*ACTION ITEM:*
Please set down, unchanged, each line from the one with "Jeep Grand Cherokee 2011 SUV — 20" to the final line of the data below, both included. Drop the pictures.

[Opening DATA PROVIDED section]

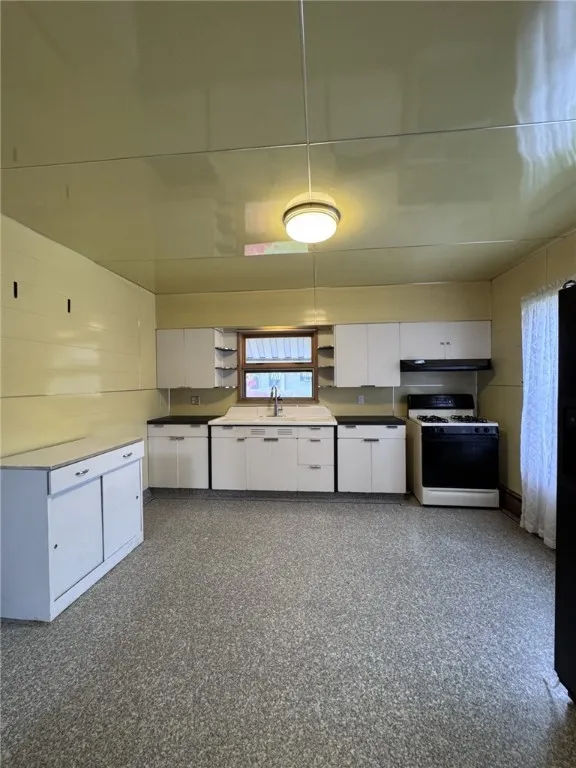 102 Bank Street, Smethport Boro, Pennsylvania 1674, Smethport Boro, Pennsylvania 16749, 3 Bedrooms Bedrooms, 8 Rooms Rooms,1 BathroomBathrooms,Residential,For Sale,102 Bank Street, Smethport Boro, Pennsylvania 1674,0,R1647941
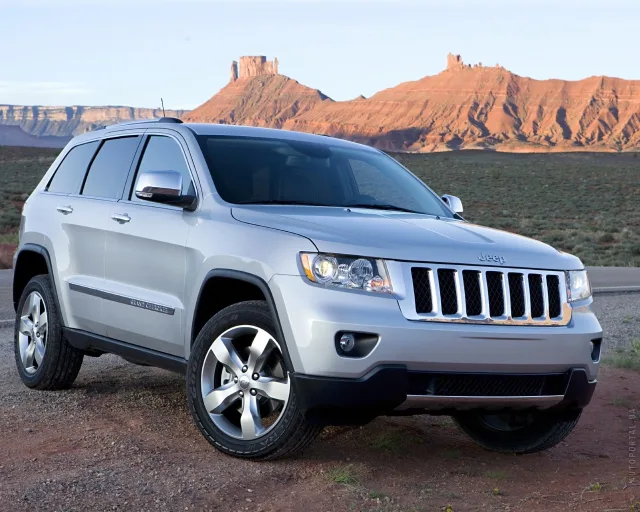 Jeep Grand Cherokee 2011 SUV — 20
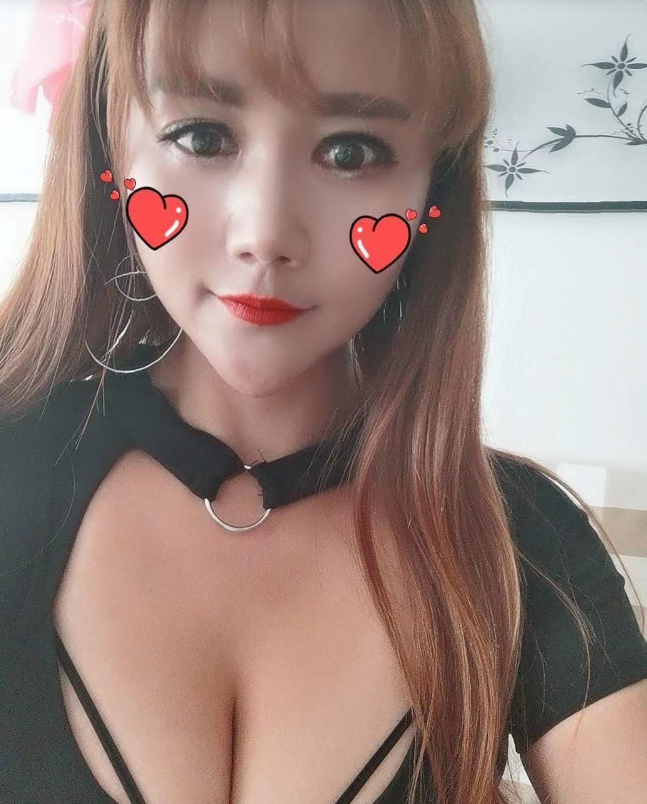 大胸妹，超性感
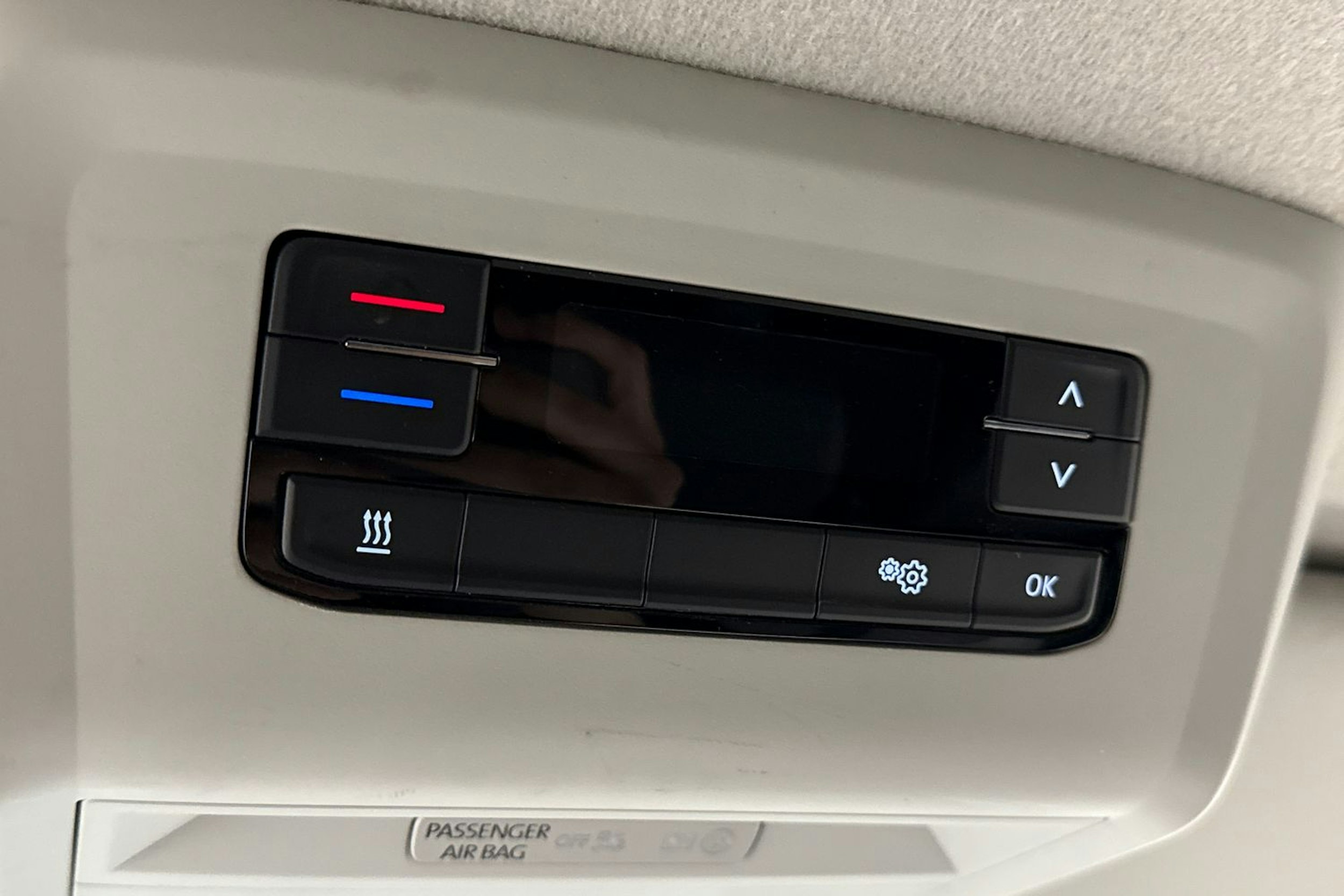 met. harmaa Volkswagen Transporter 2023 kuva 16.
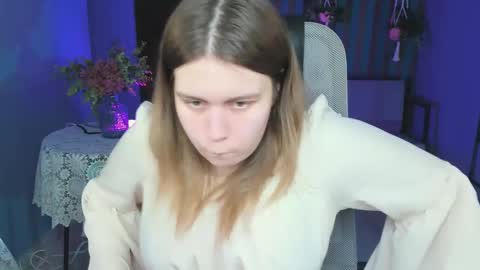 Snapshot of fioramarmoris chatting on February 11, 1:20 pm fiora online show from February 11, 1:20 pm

[Closing DATA PROVIDED section]

*RESPONSE:*
 Jeep Grand Cherokee 2011 SUV — 20
 大胸妹，超性感
 met. harmaa Volkswagen Transporter 2023 kuva 16.
 Snapshot of fioramarmoris chatting on February 11, 1:20 pm fiora online show from February 11, 1:20 pm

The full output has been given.